Por Arturo Pérez-Reverte |
Ninguna
ratonera funciona sin la complicidad del ratón. Por lo menos, ésas clásicas de
madera y alambre con un trocito de queso, que, cuando la bestezuela incauta
hinca los dientes, disparan un resorte y atrapan al miserable roedor por el
pescuezo. Y no está de más recordarlo a la hora de considerar en qué nos
estamos convirtiendo, en España. En qué pandilla de gilipollas pretendemos
transformar a los niños que un día, más pronto que tarde, tendrán nuestras
vidas y nuestra vejez en sus manos.
Lo mismo es que a veces me levanto
atravesado y veo las cosas turbias, pero mucho me temo que buena parte de los
esfuerzos educativos que hacemos en la actualidad -incompetencia cultural y
chulería estéril del ministro Wert aparte- se encaminan a fabricar esa
ratonera. A hacer que nuestros cachorros, y nuestro futuro con ellos, metan la
cabeza en esa trampa de estupidez y demagogia imbécil, tan ajena a la realidad.
Tan distante de la vida.
Algunas
veces, en esta página, he mencionado ejemplos: los animales salvajes pasados
por el filtro de los dibujos animados y el buenismo absurdo, capaces de
convertir un puma mejicano, una serpiente de cascabel o un tiburón blanco en
tiernas mascotas de compañía. O, ya en cosa de seres humanos, aquella fiesta
escolar dedicada a los piratas que narré un día, en la que la maestra, al
extrañarse algunos padres de que se prohibiera a los niños acudir con espadas o
pistolas, argumentó: «Es que también había piratas buenos». Sin olvidar ese
carnaval escolar dedicado al Oeste, donde se pedía expresamente a los padres
que sus hijos acudieran sin pistolas, rifles, arcos ni flechas; y, más
importante todavía, mejor disfrazados de indios que de vaqueros, para que los
niños hijos de inmigrantes hispanoamericanos no se sintieran acomplejados,
víctimas y en minoría.
Es como lo
de los lobos, y se lo dice a ustedes un defensor acérrimo de estos animales.
Porque una cosa es defender la existencia del lobo, que incluye su derecho a
cazar y matar tal como ese depredador lo ejerce desde hace siglos -y también a
ser matado cuando sus intereses chocan con los de los humanos-; y otra, vender
a las criaturas la imagen de que el lobo es una criatura angelical, tan
inofensiva como un perro de compañía. Que se lo pregunten a los ganaderos
rurales de León y Asturias, a ver qué opinan, y si esas opiniones son aptas
para incluirse en los libros de texto.

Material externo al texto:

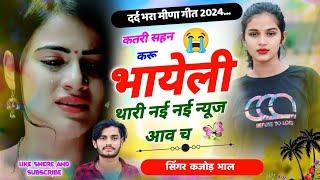 कतरी सहन करू भायेली । दर्द भरा मीणा गीत 2024 । New Meena Song 2024 । Kajod Bhal Meena Geet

O a mí mismo y algún compañero de otros
tiempos, que podríamos contar con detalle lo que una manada de lobos
hambrientos puede hacer con unos refugiados bosnios, niños incluidos, cuando
éstos huyen dispersos por los bosques, sobre la nieve.
Así que, en
línea con lo que comento, permítanme dos o tres ejemplos más, últimas
adquisiciones en cuanto a ratoneras y demagogia se refiere. Una proviene de
algunos historiadores, desde luego no tan mediocres como Emilio de Diego o José
Luis Corral -semejante exceso de caspa ya requiere hacer oposiciones-, pero sí
lo bastante cantamañanas para empeñarse, desde hace algún tiempo, en desterrar
el término Reconquista de la guerra de ocho siglos que en
España se mantuvo contra el Islam, sustituyéndolo por el muy políticamente correcto Expansión
de los reinos cristianos en la Península; que suena, en efecto, muy de
ahora; como si todo hubiera transcurrido en elegantes negociaciones en torno a
una mesa con cigarros puros y un cafelito. Échate un poquito para allá,
Mohamed, haz el favor. O sea. Que me expando.
Podríamos seguir
citando ejemplos, pero se me acaba la página. Aun así, creo que todavía caben
dos. Uno es de hace poco, en un colegio de Madrid, cuando una profesora,
llevada por la buena voluntad que caracteriza estos deliciosos tiempos,
comunicó a sus alumnos que Cristóbal Colón no descubrió América, «porque ésta
ya estaba allí con sus habitantes»; y lo que hizo Colón, y como tal debía
figurar en los ejercicios de clase, so pena de mala nota, fue «llegar a América
después de un largo viaje». Reconocerán ustedes que éste, como ejemplo de
gilipollez docente, es excelso, y supera al de la Reconquista. Pero estoy
seguro de que apreciarán más el que acaba de enviarme un padre, con fotocopia
de un libro de texto en la que, lamentablemente, no figura el nombre de la
editorial escolar responsable del asunto: «Antonio Machado fue elegido
miembro de la Real Academia. Pasados unos años (no se especifica en
qué nos estuvimos ocupando los españoles durante esos años) fue a
Francia con su familia y allí vivió hasta su muerte».